ここは丼ものにカレーにピザ、ゲレ食の定番がそろっていて入る前からその漂ってくる香りに食欲がそそられる。しかもそのすべては手作りというから目の前の混雑ぶりもよくわかる。
「ここの豚丼が美味くてさ。」
靖之が漫画のような仕草で舌を出すのがおかしくて、少しの待ち時間も苦にならない。
「おれが運転するからビール飲みなよ。」
と気を使ってくれるのがうれしい。もちろん夜は靖之には一杯飲ませるつもりだが、先に言ってくれる気遣いは本当にありがたい。
「女子は誰が運転するの?」
和人は気になって聞いた。
「私が運転するよ。そのかわり夜に余力残せるからね。」
アキが頼もしいことを言う。
「酒飲みの鑑だね。」
とみゆきも続けると、ピザを豪快にかぶりついていた隣席の中年男性が、笑いを堪えきれないといった表情をしていた。
今日は史也とアキで相談してペンションを取っておいてくれた。夕食は酒飲み六人が集うとのことで、近くのアメリカンバーを予約してあるらしい。
アキの先導で、雪に覆われて狭く感じるほどのペンションの駐車場に着く。白馬は雪を掻いて積んであるその雪まで軽そうに見える。すこしチェックインまでの時間があったので、荷物を置かせてもらえるよう聞くため、史也とアキがペンションに入っていった。
残された四人は駐車場の側で雪合戦を始める。

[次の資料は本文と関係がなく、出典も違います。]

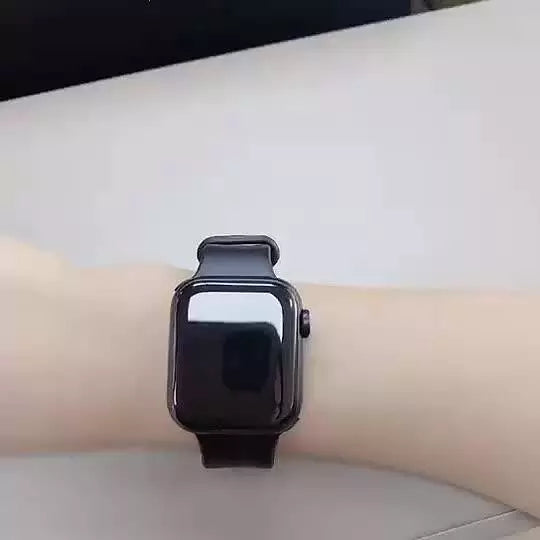 Relógio Feminino LED quadrado à prova d'água digital masculino Esportes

ウエアを着たまま辿りついたのも手伝ってかなり本格的に盛り上がってきた。靖之はスポーツ全般得意とあって、結構な距離からいい球を投げる。ユキもなかなかの上手で和人とみゆきは防戦一方となった。ユキの笑い声にかき消されて聞こえなかったが、アキが出てきて手を振って何か言っている。どうやら荷物を置いて良いこと、乾燥室で着替えても良いこと、など許可を取ってくれたらしい。

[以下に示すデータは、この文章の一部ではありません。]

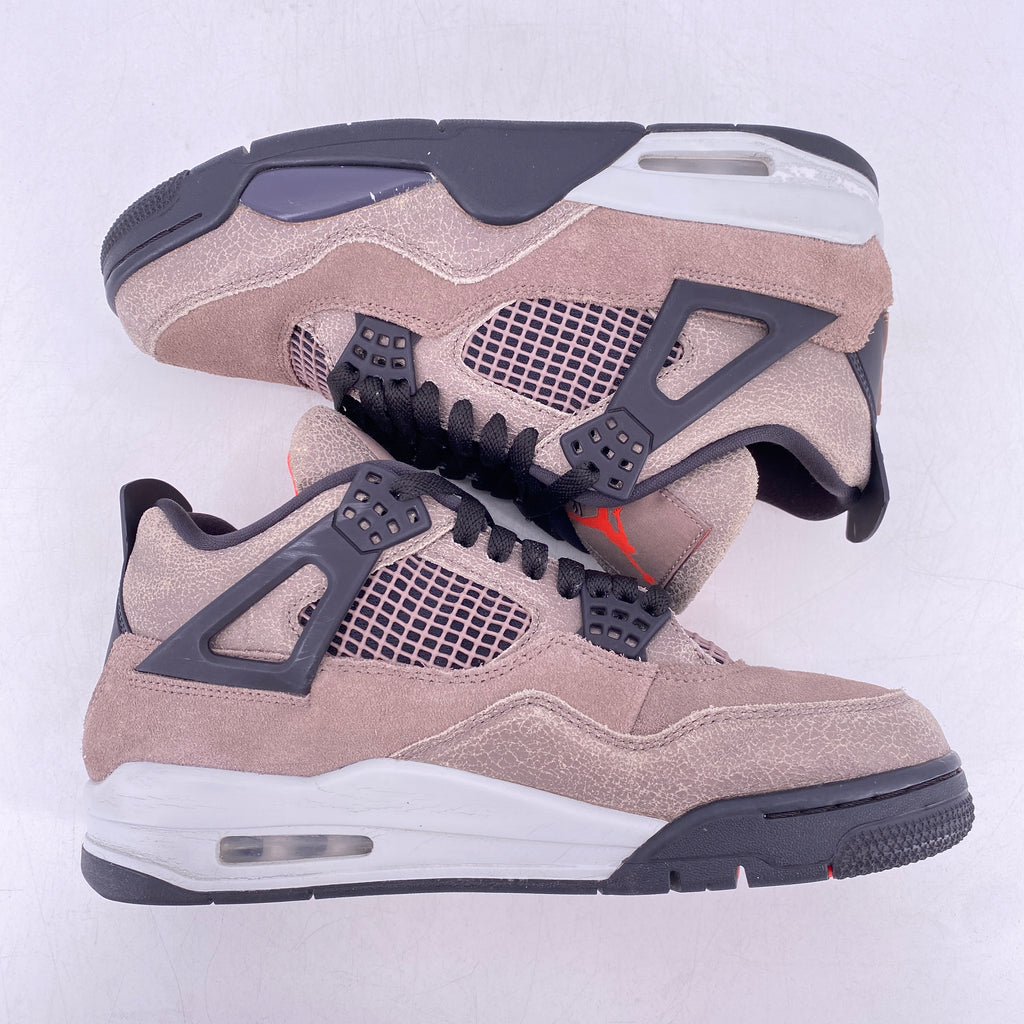 Air Jordan 4 Retro "Taupe Haze" 2021 Used Size 8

「お前ら盛り上がりすぎてこっちの声聞こえてなかっただろ。」
史也が笑いながら言うと、口々にごめんごめんと言いながらも楽しいひとときの余韻を感じていた。
「アキありがとな。」
「アキちゃんありがとう。」
皆が言うと、
「いやいや、交渉したの俺だよ。」
と史也が笑って言う。もちろんそうだろうとは思っているが、皆で史也を弄っている。まだ会って半日だが、楽しい時間を過ごすと仲良くなるのはあっという間だな、と和人は思った。

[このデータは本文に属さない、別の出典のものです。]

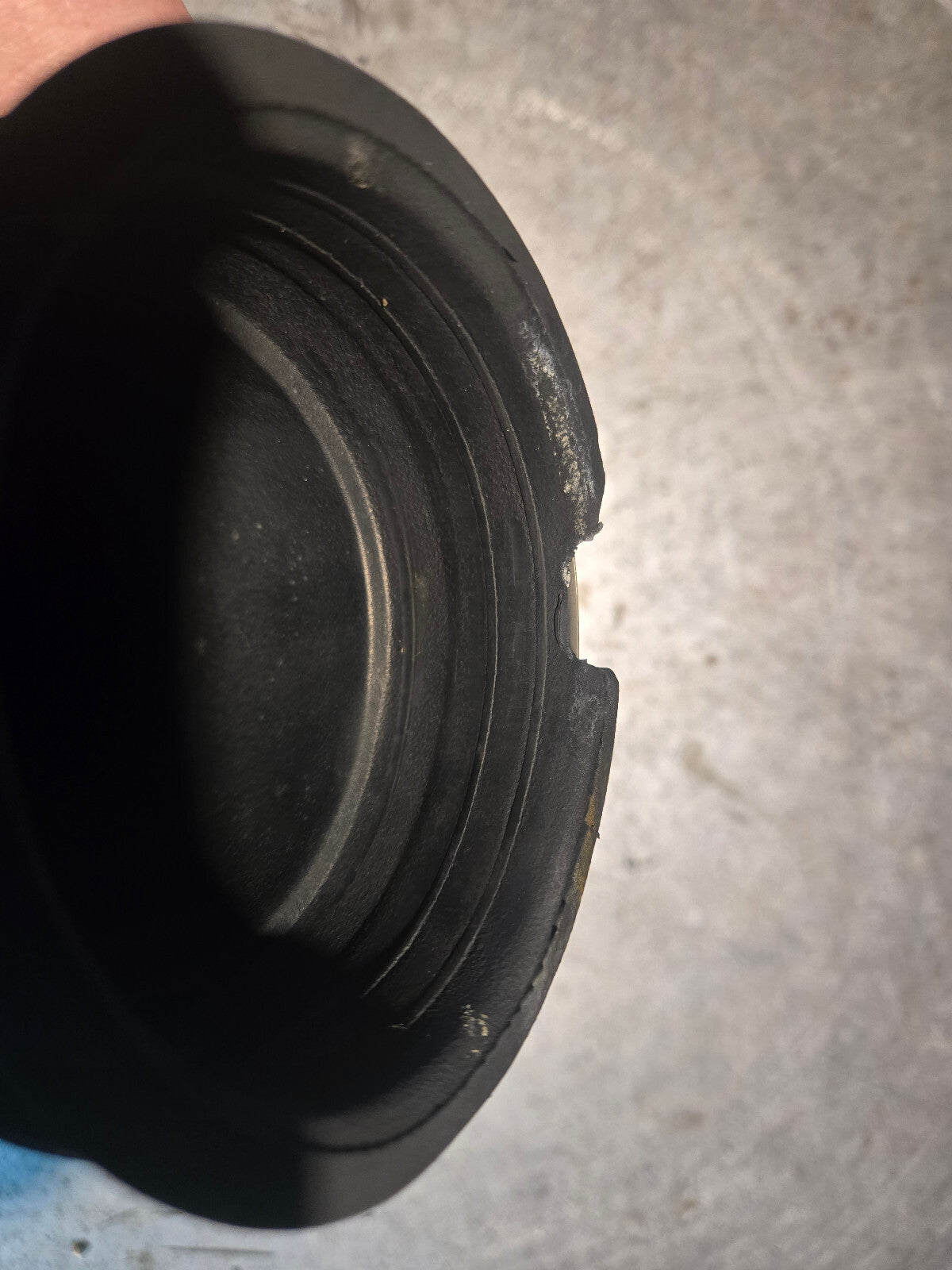 22744677 GM 11-16 LGH Genuine Parts Air Cleaner Outlet Duct REPLACES 20765281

一面の白い景色が淡い紅に染まるころ、六人はこぞって酒場への道を急いでいる。ダウンジャケットを着込んでいても寒さに首をすくめて歩くようだが、他愛もない会話を楽しんでいるうちにそれらしき店舗が目に入ってきた。
「おっ、あそこかな?」
史也が指差した先にはバドワイザーのネオンサインが光っていた。
「いい感じだね!」
ユキがうれしそうに小走りになって先に行く。
「わたしの名前で予約してあるよー」
アキが言うのが聞こえたのか、小走りのまま右手を軽く挙げてユキが店に入っていった。
「ユキは元気がいいなあ」
和人が言うと、
「ちょっと小動物っぽくてかわいいでしょ?」
とアキが言うので、確かに第一印象通りそうだと思った。